Les autorités chinoises elles-mêmes ont vu Wuhan et le reste de la province du Hubei comme une menace car elles ont placé la région de 56 millions de personnes en quarantaine stricte pour contenir l’épidémie.
Mais Pékin a commencé à semer des doutes fin février, lorsque Zhong Nanshan, un expert respecté affilié à la Commission nationale de la santé, a déclaré aux journalistes « que l’épidémie est apparue pour la première fois en Chine, mais n’est pas nécessairement originaire de Chine ».
Cependant, les scientifiques soupçonnent depuis longtemps que le virus est passé d’un animal du marché de Wuhan à un humain avant de se propager à l’échelle mondiale.
L’Organisation mondiale de la santé a déclaré que, bien que la voie exacte empruntée par le virus entre sa source animale et les humains ne soit toujours pas claire, COVID-19 était « inconnu avant le début de l’épidémie à Wuhan, en Chine, en décembre 2019 ».
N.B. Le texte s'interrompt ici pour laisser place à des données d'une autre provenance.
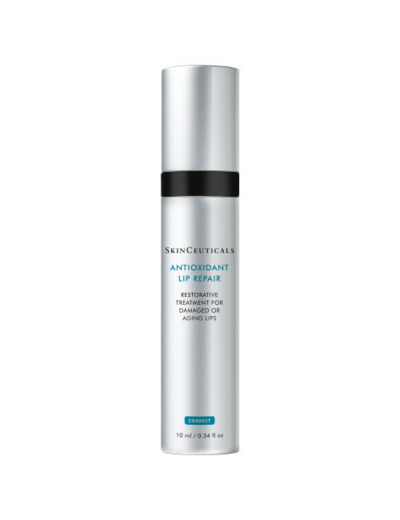SKINCEUTICALS LIP REPAIR ANTI-OXYD FL10ML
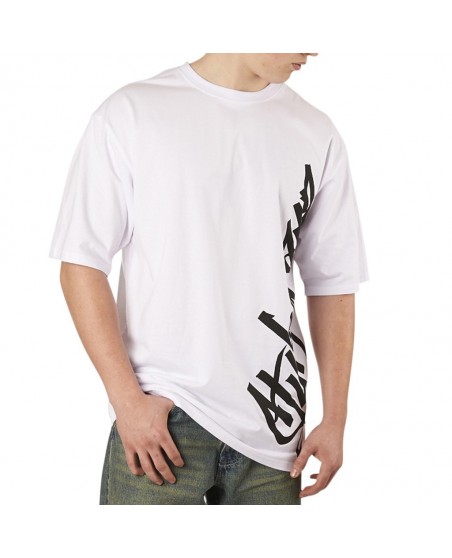 Townz T-shirt Stylewarz White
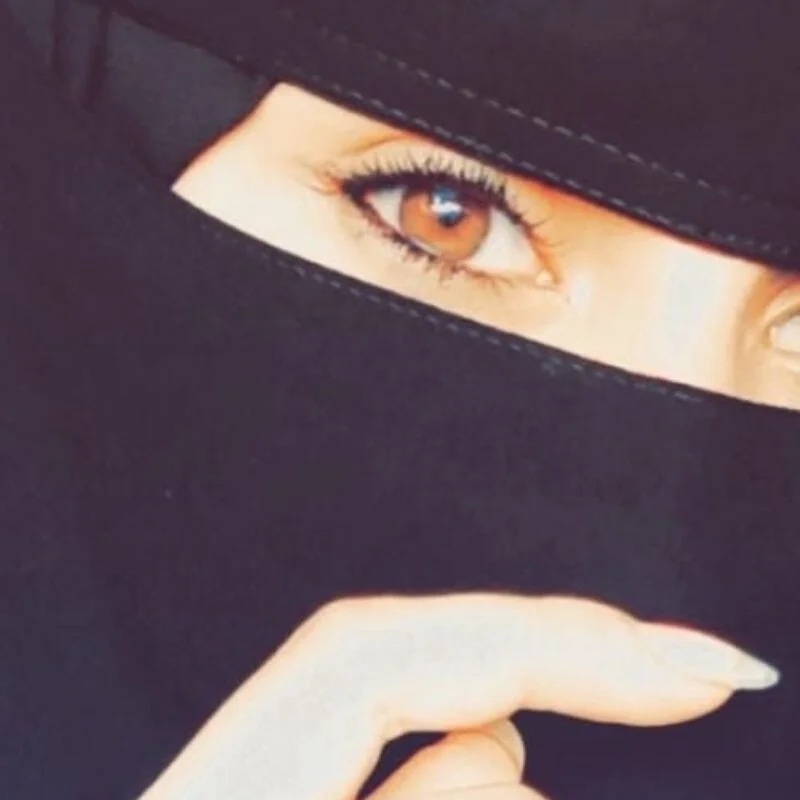 صورة الملف الشخصي لـ Fooz
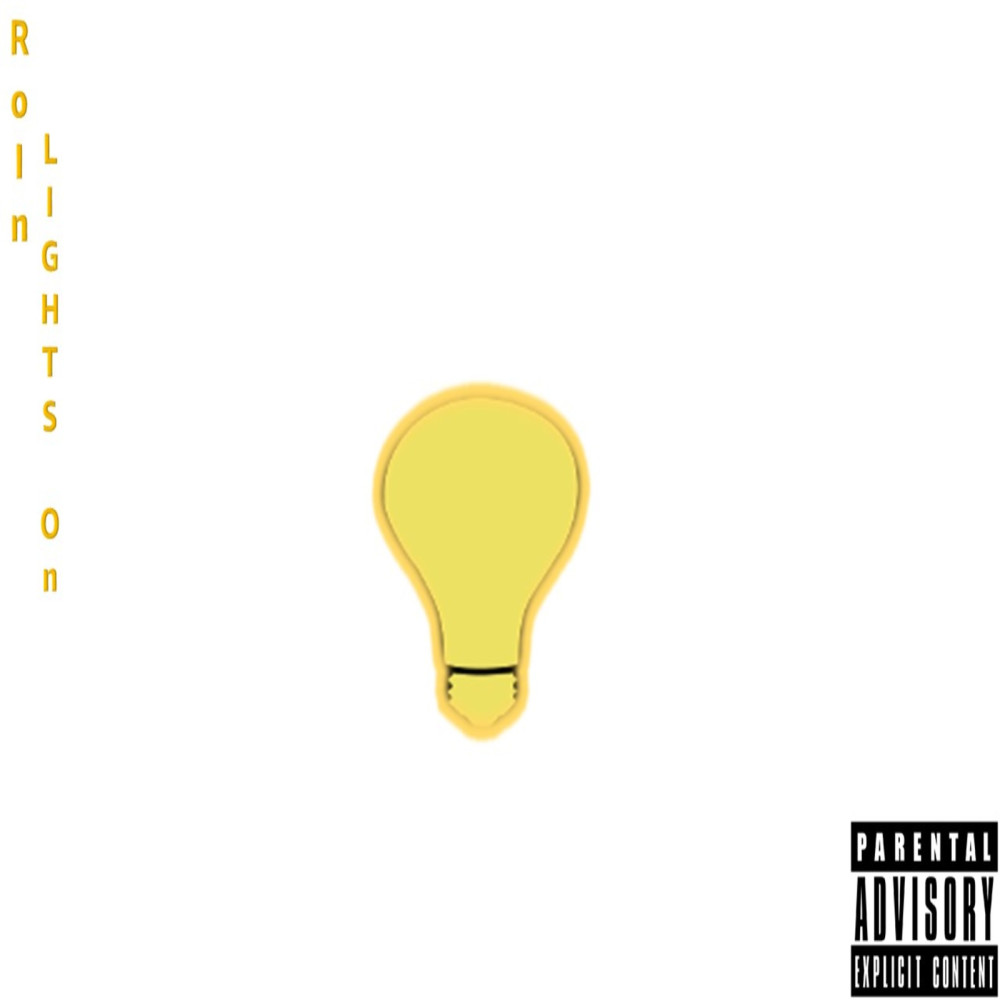 Lights On (Explicit)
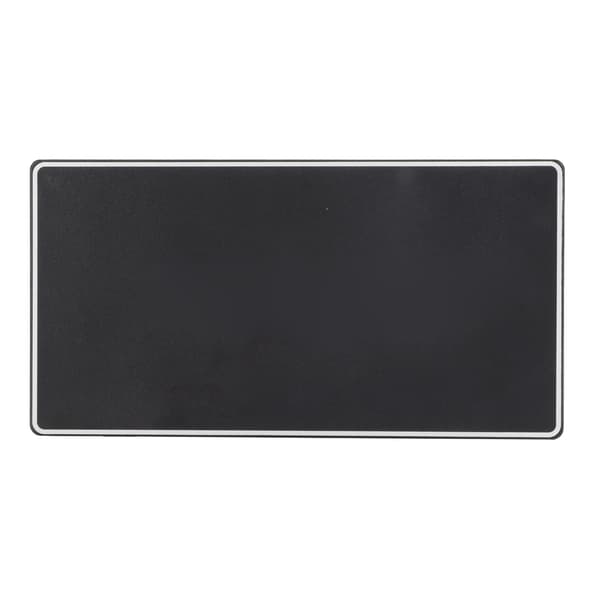 4K HD Multimedia Interface Selector 6Gbps 2.0V 4 ind 1 ud 4K ved 60Hz HD Multimedia Interface Konverter 100‑240V US Stik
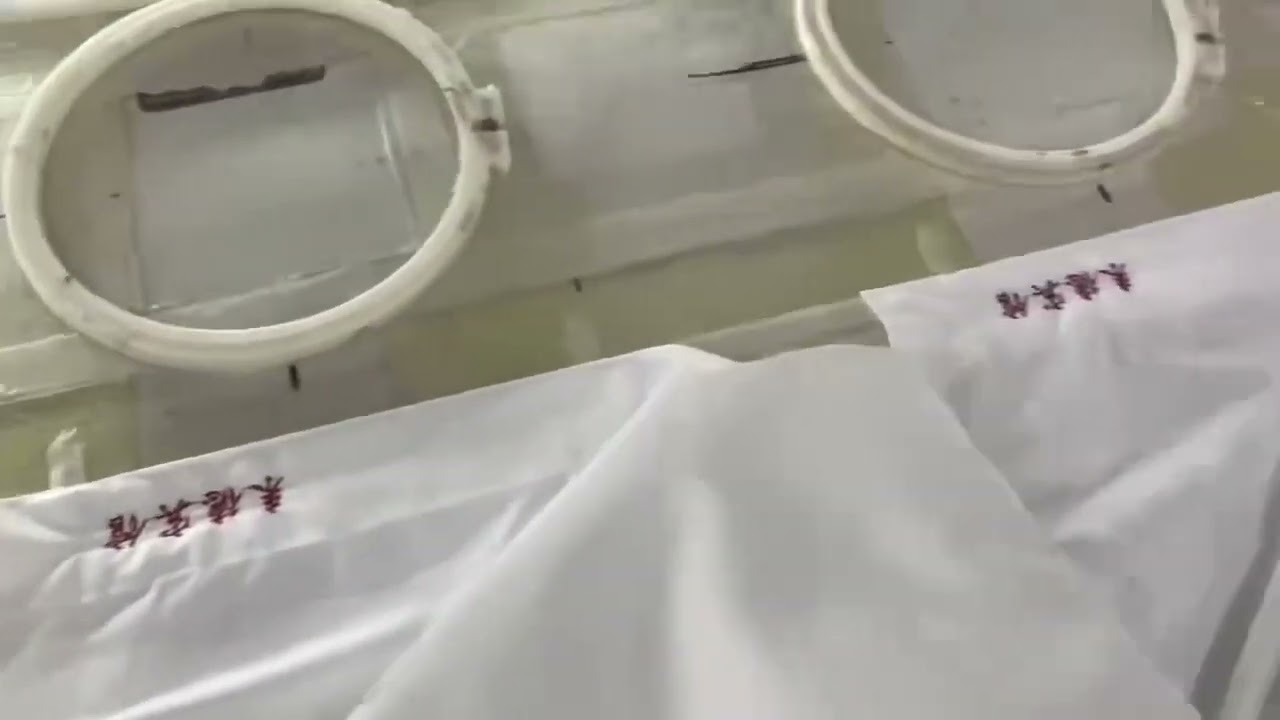 OYAS has been a professional hotel linen manufacturer since 2012,WhatsApp: +86139 2745 1230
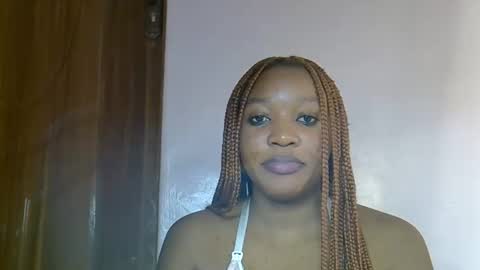 previn online show from November 28, 2025, 3:25 pm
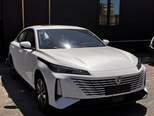 Changan Eado-1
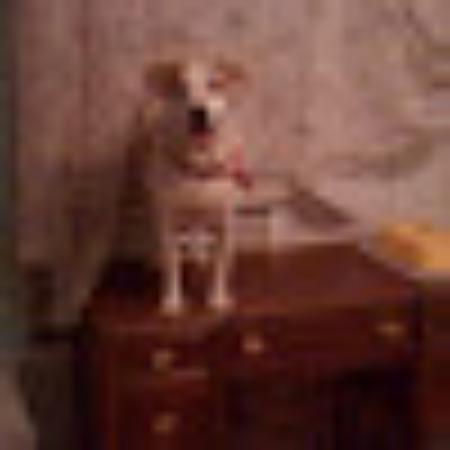 Photo of BethlynnJ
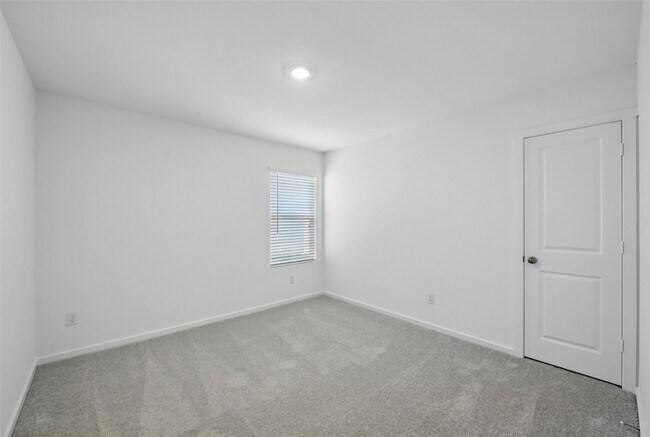 Building Photo - 11538 Hermosa Ln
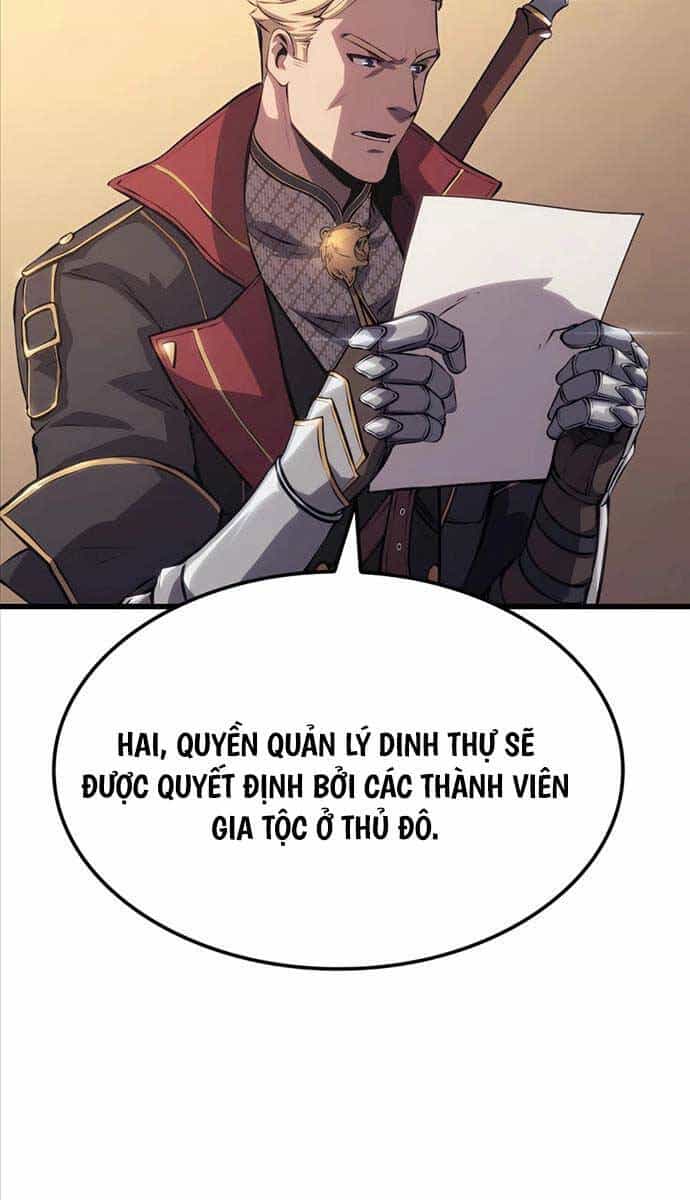 Con Trai Út Của Bá Tước Là Một Người Chơi - Chương 20 - ảnh 79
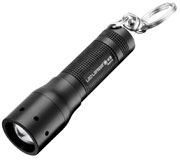 LED Lenser K3
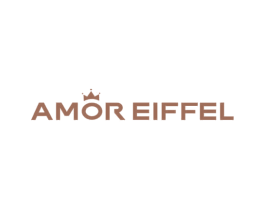 AMOR EIFFEL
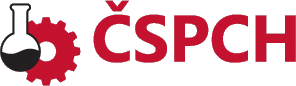 Česká společnost průmyslové chemie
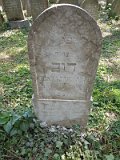 Uzhhorod-Section-2-tstone-4535
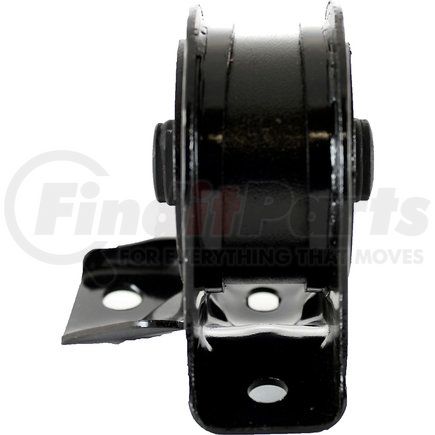 Pioneer 608007 Engine Mount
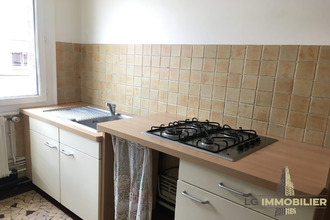  appartement amiens 80000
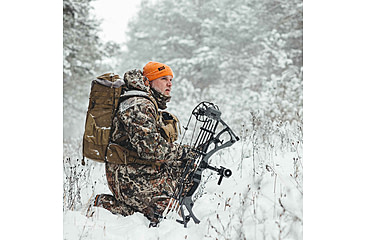 Image of First Lite Thermic Insulated Jacket - Mens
Christl Donnelly, professeur d’épidémiologie statistique à l’Imperial College de Londres, a déclaré que l’analyse génétique des échantillons de coronavirus collectés dans le monde entier montre un ancêtre commun en Chine.
« Ce n’est en aucun cas blâmer un pays en particulier », a-t-elle déclaré à l’AFP.
– «Virus Wuhan» –
Les États-Unis, quant à eux, ont irrité la Chine en utilisant un langage reliant directement le virus au pays.
Le secrétaire d’État américain Mike Pompeo l’a qualifié de « virus de Wuhan », ce qui a incité Pékin à rejeter le terme comme « méprisable » et « irrespectueux de la science ».
Le président américain Donald Trump a commencé mercredi une allocution télévisée à son pays en parlant de l’épidémie « qui a commencé en Chine ».
La langue fait « partie de sa politique de sifflement des chiens », a déclaré le chercheur de l’Université nationale australienne Yun Jiang.
L’OMS met en garde contre la dénomination des maladies infectieuses d’une manière qui encourage la discrimination contre les groupes ethniques.
Mercredi, Robert O’Brien, le conseiller américain à la sécurité nationale, a insisté sur le fait que le virus provenait de Wuhan.
Accusant la pandémie d’un manque de coopération de la part des autorités chinoises et d’une dissimulation lorsque la flambée est apparue pour la première fois, O’Brien a déclaré que cela avait « coûté deux mois à la communauté mondiale pour répondre » à la menace.
Pékin a qualifié ses propos « extrêmement immoraux et également irresponsables ».
Jiang a déclaré qu ‘ »en semant des doutes dans l’esprit des gens quant à l’origine du virus, ils essaient de détourner une partie du blâme de l’épidémie.